Top of Excerpted data

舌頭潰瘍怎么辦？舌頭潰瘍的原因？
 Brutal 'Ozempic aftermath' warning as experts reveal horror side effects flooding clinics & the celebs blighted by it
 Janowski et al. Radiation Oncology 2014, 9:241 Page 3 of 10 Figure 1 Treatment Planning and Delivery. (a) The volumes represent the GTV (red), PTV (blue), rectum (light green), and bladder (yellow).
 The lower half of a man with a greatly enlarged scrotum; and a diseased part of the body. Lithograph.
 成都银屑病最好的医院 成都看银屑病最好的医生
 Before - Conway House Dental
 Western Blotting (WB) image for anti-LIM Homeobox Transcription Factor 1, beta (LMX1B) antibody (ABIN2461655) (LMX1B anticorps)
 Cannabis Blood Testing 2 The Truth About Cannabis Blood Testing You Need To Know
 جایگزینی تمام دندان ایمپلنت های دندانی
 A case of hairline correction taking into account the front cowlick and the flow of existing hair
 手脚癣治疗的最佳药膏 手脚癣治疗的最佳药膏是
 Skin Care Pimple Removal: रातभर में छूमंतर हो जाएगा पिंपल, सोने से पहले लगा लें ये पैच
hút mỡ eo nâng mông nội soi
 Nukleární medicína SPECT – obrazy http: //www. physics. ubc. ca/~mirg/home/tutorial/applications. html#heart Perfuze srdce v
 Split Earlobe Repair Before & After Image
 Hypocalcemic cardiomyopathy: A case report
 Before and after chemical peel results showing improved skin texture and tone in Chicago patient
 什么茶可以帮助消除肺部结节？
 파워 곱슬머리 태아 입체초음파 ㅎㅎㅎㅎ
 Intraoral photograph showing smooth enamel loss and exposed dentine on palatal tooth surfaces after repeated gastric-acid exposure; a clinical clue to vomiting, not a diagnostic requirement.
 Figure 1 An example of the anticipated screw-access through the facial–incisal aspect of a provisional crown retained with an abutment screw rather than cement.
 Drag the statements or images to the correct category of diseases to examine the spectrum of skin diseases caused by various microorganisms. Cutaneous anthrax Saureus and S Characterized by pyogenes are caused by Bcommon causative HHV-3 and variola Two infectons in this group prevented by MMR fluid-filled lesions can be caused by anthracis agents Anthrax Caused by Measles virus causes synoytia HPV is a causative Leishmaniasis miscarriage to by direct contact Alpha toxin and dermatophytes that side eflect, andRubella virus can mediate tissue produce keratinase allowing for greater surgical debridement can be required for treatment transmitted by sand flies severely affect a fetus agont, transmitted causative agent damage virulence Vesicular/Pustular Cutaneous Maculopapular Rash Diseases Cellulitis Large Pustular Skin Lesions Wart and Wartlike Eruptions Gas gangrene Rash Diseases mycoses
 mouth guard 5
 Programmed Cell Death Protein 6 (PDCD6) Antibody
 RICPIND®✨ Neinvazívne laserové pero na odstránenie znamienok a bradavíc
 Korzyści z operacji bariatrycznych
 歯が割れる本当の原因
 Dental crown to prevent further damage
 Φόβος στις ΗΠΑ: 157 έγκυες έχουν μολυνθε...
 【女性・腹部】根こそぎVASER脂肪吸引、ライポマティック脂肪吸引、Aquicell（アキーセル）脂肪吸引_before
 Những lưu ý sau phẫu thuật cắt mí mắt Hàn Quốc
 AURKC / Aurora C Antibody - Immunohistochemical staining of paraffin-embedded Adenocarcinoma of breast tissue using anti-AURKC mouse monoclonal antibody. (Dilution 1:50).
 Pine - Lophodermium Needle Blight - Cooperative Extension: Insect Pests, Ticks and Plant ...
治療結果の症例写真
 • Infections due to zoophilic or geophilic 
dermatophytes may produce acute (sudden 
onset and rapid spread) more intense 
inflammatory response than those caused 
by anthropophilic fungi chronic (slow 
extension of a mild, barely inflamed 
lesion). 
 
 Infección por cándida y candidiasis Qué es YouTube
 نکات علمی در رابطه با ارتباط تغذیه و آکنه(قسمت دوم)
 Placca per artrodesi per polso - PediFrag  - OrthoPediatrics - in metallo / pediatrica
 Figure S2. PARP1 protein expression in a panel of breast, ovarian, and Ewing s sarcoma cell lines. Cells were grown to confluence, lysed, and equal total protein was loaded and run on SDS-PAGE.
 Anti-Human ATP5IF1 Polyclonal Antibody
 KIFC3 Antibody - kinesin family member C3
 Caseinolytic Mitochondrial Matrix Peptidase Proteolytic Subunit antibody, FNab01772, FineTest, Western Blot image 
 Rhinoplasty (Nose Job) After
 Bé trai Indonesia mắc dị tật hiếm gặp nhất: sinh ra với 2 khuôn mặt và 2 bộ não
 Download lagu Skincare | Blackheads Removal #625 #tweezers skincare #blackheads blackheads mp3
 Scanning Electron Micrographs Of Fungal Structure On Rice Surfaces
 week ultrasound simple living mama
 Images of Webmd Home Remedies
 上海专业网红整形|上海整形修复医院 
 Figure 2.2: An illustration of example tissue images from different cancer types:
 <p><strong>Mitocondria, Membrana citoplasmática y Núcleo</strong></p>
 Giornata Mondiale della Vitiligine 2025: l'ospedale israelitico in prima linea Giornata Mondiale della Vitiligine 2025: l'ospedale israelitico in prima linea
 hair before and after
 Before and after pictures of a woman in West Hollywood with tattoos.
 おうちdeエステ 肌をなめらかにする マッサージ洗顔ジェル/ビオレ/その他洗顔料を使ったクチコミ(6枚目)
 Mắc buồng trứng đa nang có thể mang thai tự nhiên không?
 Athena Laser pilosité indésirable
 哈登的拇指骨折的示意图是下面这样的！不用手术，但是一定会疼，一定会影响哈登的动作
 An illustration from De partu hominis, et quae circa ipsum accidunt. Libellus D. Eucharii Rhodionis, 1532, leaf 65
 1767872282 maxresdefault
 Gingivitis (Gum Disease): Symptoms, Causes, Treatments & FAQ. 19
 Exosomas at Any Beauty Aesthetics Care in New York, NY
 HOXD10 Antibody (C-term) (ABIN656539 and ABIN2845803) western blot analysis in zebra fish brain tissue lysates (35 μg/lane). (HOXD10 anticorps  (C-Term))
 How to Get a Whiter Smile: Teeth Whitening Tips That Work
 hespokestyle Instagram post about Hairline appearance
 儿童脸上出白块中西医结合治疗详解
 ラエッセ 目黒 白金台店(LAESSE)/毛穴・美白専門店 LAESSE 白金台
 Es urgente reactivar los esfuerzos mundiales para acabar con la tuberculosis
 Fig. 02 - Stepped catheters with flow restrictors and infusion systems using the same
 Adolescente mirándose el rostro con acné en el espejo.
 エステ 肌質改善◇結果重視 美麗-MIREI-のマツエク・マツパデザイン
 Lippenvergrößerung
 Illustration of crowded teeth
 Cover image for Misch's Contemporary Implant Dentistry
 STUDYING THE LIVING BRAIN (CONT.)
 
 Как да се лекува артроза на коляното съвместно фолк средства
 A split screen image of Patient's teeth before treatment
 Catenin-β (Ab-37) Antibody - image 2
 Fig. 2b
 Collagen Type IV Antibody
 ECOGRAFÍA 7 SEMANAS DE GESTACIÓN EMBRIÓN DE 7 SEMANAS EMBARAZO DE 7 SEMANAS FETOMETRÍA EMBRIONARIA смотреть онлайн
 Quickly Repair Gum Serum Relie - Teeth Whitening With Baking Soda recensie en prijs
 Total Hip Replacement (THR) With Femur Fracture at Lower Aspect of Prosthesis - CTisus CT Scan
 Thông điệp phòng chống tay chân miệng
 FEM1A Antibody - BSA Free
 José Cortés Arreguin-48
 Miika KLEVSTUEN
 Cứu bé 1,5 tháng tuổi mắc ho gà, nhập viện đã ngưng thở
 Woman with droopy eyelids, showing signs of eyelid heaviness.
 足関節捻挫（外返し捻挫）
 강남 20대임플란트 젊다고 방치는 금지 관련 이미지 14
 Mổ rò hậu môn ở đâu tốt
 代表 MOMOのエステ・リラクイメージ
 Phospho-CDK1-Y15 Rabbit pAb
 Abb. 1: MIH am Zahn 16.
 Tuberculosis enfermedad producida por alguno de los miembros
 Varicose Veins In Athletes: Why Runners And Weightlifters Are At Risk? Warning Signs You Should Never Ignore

Bottom of Excerpted data

Every line above from the line with "mouth guard 5" to the line with "KIFC3 Antibody - kinesin family member C3", inclusive, must be returned exactly; no other line belongs in the reply.

Solution for this exercise:
 mouth guard 5
 Programmed Cell Death Protein 6 (PDCD6) Antibody
 RICPIND®✨ Neinvazívne laserové pero na odstránenie znamienok a bradavíc
 Korzyści z operacji bariatrycznych
 歯が割れる本当の原因
 Dental crown to prevent further damage
 Φόβος στις ΗΠΑ: 157 έγκυες έχουν μολυνθε...
 【女性・腹部】根こそぎVASER脂肪吸引、ライポマティック脂肪吸引、Aquicell（アキーセル）脂肪吸引_before
 Những lưu ý sau phẫu thuật cắt mí mắt Hàn Quốc
 AURKC / Aurora C Antibody - Immunohistochemical staining of paraffin-embedded Adenocarcinoma of breast tissue using anti-AURKC mouse monoclonal antibody. (Dilution 1:50).
 Pine - Lophodermium Needle Blight - Cooperative Extension: Insect Pests, Ticks and Plant ...
治療結果の症例写真
 • Infections due to zoophilic or geophilic 
dermatophytes may produce acute (sudden 
onset and rapid spread) more intense 
inflammatory response than those caused 
by anthropophilic fungi chronic (slow 
extension of a mild, barely inflamed 
lesion). 
 
 Infección por cándida y candidiasis Qué es YouTube
 نکات علمی در رابطه با ارتباط تغذیه و آکنه(قسمت دوم)
 Placca per artrodesi per polso - PediFrag  - OrthoPediatrics - in metallo / pediatrica
 Figure S2. PARP1 protein expression in a panel of breast, ovarian, and Ewing s sarcoma cell lines. Cells were grown to confluence, lysed, and equal total protein was loaded and run on SDS-PAGE.
 Anti-Human ATP5IF1 Polyclonal Antibody
 KIFC3 Antibody - kinesin family member C3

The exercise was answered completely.